Once converted, the LV UUID (LV is short for Logical Volume) can be used to encrypt the logical volume using a password of crowbar to unlock it:

sudo diskutil corestorage encryptvolume 4CC5881F-88B3-42DD-B540-24AA63952E31 -passphrase crowbar

The output is similar to the following:

Started CoreStorage operation on disk4 Reco
Scheduling encryption of Core Storage Logical Volume
Core Storage LV UUID: 4CC5881F-88B3-42DD-B540-24AA63952E31
Finished CoreStorage operation on disk4 Reco

According to the size, this process can take some time. Monitor the progress using the corestorage list option:

diskutil corestorage list

In all of these commands, replace core storage w/ cs for less typing. I’ll use the shortened version as I go. I know that we rarely change passwords, but sometimes it needs to happen. If it needs to happen on a core storage encrypted volume, this can be done from the command line or a script. To do so, use diskutil cs with the changevolumepassphrase option. We’ll use -oldpassphrase to provide the old password and -newpassphrase to provide the new passphrase.

diskutil cs changeVolumePassphrase FC6D57CD-15FC-4A9A-B9D7-F7CF26312E00 -oldpassphrase crowbar -newpassphrase hedeservedit

I continue to get prompted when I send the -newpassphrase, so I’ve taken to using stdin , using -stdinpassphrase. Once encrypted there will occasionally come a time for decrypting, or removing the encryption, from a volume. It’s worth noting that neither encrypting or decrypting requires erasing. To decrypt, use the decryptVolume verb, again with the -passphrase option:

diskutil cs decryptvolume 4CC5881F-88B3-42DD-B540-24AA63952E31 -passphrase crowbar

FileVault 2: Encrypting Boot Volumes

Boot volumes are configured a bit differently. This is namely because the boot volume requires FileVault 2, which unifies usernames and passwords with the encryption so that users enter one username and password rather than unlocking drives. To configure FileVault 2, open the Security & Privacy System Preference pane and then click on the FileVault tab. Click on the lock to make changes and then provide the password for an administrative account of the system. Then, click on “Turn On FileVault…”

Screen Shot 2015-09-26 at 10.00.24 PM

You’ll then be prompted to restart; do so to begin the encryption process.

Screen Shot 2015-09-26 at 10.01.50 PM

When prompted, choose whether to create a key or save the key to iCloud. In most cases, on a server, you’ll want to create a recovery key and save it to a very safe place.

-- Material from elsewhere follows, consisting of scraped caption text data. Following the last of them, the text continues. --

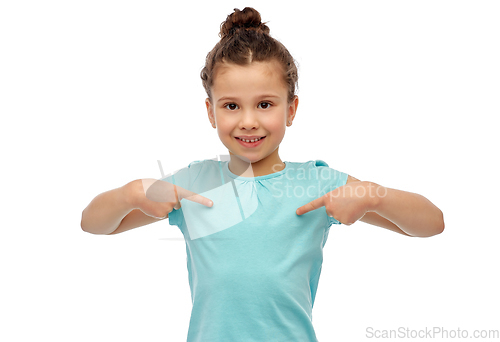 Image of happy smiling girl pointing fingers to herself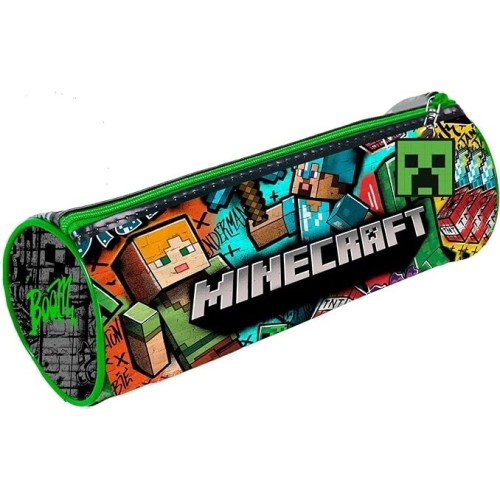 kids licensing kids  - minecraft round school pencil case for kids MC00052 8435507893886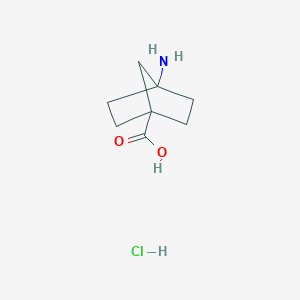 molecular formula C8H14ClNO2 B1376093 4-Aminobicyclo[2.2.1]heptane-1-carboxylic acid hydrochloride CAS No. 1384427-36-4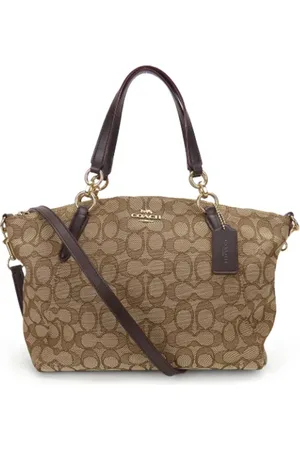 Coach Pre-owned, Dames, Bruin, ONE Size, Tweedehands Canvas handtassen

Screen Shot 2015-09-26 at 10.05.26 PM

When prompted with the Recovery Key, document it and then click on Continue. Choose whether to restore the recovery key with Apple. If you will be storing the key with Apple then provide the AppleID. Otherwise, simply click the bullet for “Do not store the recovery key with Apple” and then click on the Continue button.

When prompted, click on Restart to reboot and be prompted for the first account that can unlock the FileVaulted system.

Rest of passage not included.